| What the exercise asks |
The records below are to be duplicated character for character.

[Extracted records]
----------

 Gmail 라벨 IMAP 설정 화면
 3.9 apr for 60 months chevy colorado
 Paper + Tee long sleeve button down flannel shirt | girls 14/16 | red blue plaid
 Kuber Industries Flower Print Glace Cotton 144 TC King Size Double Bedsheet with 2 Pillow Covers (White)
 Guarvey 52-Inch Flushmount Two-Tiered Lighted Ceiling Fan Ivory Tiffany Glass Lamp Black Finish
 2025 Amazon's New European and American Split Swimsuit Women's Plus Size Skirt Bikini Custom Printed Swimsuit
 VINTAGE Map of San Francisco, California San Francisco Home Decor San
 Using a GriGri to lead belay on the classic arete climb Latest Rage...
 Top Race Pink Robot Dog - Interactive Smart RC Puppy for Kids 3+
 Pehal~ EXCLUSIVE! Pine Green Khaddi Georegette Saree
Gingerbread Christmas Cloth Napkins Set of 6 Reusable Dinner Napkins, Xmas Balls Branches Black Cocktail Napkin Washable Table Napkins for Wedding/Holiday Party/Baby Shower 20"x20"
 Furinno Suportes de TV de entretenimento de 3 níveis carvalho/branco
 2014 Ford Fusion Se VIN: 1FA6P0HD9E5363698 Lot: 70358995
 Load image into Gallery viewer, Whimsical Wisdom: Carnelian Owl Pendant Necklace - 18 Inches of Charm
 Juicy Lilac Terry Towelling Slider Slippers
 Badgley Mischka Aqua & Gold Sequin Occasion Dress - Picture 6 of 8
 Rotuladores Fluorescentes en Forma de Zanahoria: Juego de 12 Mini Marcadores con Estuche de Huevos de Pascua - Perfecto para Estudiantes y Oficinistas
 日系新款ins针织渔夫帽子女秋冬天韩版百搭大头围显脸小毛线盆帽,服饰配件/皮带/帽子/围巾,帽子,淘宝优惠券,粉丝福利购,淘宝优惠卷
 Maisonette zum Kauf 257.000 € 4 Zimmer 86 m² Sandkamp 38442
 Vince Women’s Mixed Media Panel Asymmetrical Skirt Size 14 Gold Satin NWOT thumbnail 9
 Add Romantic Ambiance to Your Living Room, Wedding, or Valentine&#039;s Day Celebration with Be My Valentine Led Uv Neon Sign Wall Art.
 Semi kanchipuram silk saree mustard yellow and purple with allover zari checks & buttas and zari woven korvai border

----------

| Expected output |
 Gmail 라벨 IMAP 설정 화면
 3.9 apr for 60 months chevy colorado
 Paper + Tee long sleeve button down flannel shirt | girls 14/16 | red blue plaid
 Kuber Industries Flower Print Glace Cotton 144 TC King Size Double Bedsheet with 2 Pillow Covers (White)
 Guarvey 52-Inch Flushmount Two-Tiered Lighted Ceiling Fan Ivory Tiffany Glass Lamp Black Finish
 2025 Amazon's New European and American Split Swimsuit Women's Plus Size Skirt Bikini Custom Printed Swimsuit
 VINTAGE Map of San Francisco, California San Francisco Home Decor San
 Using a GriGri to lead belay on the classic arete climb Latest Rage...
 Top Race Pink Robot Dog - Interactive Smart RC Puppy for Kids 3+
 Pehal~ EXCLUSIVE! Pine Green Khaddi Georegette Saree
Gingerbread Christmas Cloth Napkins Set of 6 Reusable Dinner Napkins, Xmas Balls Branches Black Cocktail Napkin Washable Table Napkins for Wedding/Holiday Party/Baby Shower 20"x20"
 Furinno Suportes de TV de entretenimento de 3 níveis carvalho/branco
 2014 Ford Fusion Se VIN: 1FA6P0HD9E5363698 Lot: 70358995
 Load image into Gallery viewer, Whimsical Wisdom: Carnelian Owl Pendant Necklace - 18 Inches of Charm
 Juicy Lilac Terry Towelling Slider Slippers
 Badgley Mischka Aqua & Gold Sequin Occasion Dress - Picture 6 of 8
 Rotuladores Fluorescentes en Forma de Zanahoria: Juego de 12 Mini Marcadores con Estuche de Huevos de Pascua - Perfecto para Estudiantes y Oficinistas
 日系新款ins针织渔夫帽子女秋冬天韩版百搭大头围显脸小毛线盆帽,服饰配件/皮带/帽子/围巾,帽子,淘宝优惠券,粉丝福利购,淘宝优惠卷
 Maisonette zum Kauf 257.000 € 4 Zimmer 86 m² Sandkamp 38442
 Vince Women’s Mixed Media Panel Asymmetrical Skirt Size 14 Gold Satin NWOT thumbnail 9
 Add Romantic Ambiance to Your Living Room, Wedding, or Valentine&#039;s Day Celebration with Be My Valentine Led Uv Neon Sign Wall Art.
 Semi kanchipuram silk saree mustard yellow and purple with allover zari checks & buttas and zari woven korvai border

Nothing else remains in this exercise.